I totally mean that.
There was definitely some puppy in there too. maybe some polar bear.
Really, this was a baby animal massacre.
It looks like a freaking baby hippo. Is that a...fang?
I had forgotten all about the "cow" story, I'm so glad you linked it. So, I guess Capt. Carl gets his sense of what an animal's "place" is from his dad. It was a valiant effort on your part, though, to give the fish a name. So, what's for dinner tomorrow night? Pasta a la Fred?
To bad they ate Fred before he could be on one of those "Monsters of the River" shows they have on TLC. Or is it Animal Planet? Oh, god I watch too much TV.
Holy shit. I won't ever go in any pond every again. That thing would eat me up!
Pools only, ladies...let's not lose our pretty toes to freaking mega-beast seal/puppy/hippo fish.

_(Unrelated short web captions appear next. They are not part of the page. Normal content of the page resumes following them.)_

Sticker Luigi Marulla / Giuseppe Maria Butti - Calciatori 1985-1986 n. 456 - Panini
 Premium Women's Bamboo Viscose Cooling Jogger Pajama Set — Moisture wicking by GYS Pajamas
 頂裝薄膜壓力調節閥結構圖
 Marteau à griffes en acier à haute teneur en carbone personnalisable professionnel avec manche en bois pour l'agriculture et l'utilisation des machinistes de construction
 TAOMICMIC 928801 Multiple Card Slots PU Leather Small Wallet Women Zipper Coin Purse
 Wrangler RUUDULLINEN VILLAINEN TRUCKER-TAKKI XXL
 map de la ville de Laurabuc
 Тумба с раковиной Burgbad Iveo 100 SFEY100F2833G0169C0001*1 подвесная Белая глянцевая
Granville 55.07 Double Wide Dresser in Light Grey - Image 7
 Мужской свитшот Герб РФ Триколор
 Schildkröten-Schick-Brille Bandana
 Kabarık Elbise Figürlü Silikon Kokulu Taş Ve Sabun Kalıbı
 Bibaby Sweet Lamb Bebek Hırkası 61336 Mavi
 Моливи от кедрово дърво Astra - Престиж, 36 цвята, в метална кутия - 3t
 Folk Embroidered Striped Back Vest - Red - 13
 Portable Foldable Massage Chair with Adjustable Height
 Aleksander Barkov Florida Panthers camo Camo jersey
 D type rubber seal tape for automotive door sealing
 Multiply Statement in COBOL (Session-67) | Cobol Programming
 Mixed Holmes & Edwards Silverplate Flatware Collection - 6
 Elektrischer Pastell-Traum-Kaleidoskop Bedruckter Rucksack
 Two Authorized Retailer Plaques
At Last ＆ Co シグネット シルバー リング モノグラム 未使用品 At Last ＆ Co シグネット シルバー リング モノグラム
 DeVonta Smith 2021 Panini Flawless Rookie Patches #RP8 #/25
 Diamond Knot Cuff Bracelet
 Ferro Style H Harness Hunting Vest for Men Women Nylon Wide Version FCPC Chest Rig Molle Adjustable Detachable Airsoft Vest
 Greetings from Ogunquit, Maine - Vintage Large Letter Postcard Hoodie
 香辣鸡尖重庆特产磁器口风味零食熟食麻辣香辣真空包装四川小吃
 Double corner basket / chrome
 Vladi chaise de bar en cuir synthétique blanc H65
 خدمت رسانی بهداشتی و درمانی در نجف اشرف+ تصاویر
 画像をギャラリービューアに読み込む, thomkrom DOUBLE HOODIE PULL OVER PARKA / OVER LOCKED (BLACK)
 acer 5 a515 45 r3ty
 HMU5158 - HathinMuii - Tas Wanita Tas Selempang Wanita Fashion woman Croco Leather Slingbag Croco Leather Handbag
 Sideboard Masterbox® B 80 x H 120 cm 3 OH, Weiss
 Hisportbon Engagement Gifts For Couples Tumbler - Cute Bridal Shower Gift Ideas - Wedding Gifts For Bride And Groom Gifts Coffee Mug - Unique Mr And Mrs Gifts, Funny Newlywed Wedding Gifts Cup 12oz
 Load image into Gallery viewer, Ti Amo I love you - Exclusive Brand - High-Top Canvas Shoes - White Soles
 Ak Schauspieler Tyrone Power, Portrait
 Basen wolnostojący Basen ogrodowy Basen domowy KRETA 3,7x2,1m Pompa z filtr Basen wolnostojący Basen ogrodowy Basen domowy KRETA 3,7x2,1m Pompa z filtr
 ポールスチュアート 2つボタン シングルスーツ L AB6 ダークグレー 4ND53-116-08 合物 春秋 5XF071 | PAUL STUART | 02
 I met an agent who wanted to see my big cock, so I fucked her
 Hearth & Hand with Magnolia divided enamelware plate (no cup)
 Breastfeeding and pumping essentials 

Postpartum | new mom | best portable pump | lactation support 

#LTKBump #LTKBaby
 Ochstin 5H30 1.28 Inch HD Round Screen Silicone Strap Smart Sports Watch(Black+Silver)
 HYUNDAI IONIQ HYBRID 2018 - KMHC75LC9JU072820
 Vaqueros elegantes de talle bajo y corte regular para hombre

I was just thinking about Eric Bana, but those pics are a whole new breed of sexy.
Jesus! It looks like it was trying to sprout legs! The Captain did us all a favor, can you imagine a world over-run by seal-fish walking around, slapping us with their fins and stinging us with their whisker things?!?!!?!?!?!?!
Well now you don't have to! (But I can't stop! HELP!)
It's things like Fred that make me give people the "are you fucking kidding me" look when they ask if I want to go to the lake.
fishnets are sexy
No one named Fred should be served with tartar sauce. That's just bad manners.
Do you have your strainer locked up in your room for 20 more days?
Fred is/was huge!! Way to go Capt. Carl!!
Word verification is: humas. I think that's hippie food and I don't think that's how you spell it!
Happy weekend, Miss Yyonne!
Jugs!!
ewww..how can people eat that thing?
The first picture looked like a baby dolphin and I was thinking Miss Yvonne would NOT go there would she? And then I thought yeah she just might go there so I covered my eyes with my hands so I could peek thru and continued on.
Although I was relieved it wasn't a dolphin, that catfish will haunt me forever and ever and ever.
I seriously thought it was a seal. I am pretty sure that is the same catfish that got away from me once. He looks DELICIOUS!
Wow. Poor baby seal fish. Now we know why they're endangered.
I think he caught the missing link.
*Shudders*
God I wish we could afford for our tenants to move out. *sigh*
The picture of baby seal fish Fred kinda looks like me trying to squeeze my fat leg into fishnet stockings.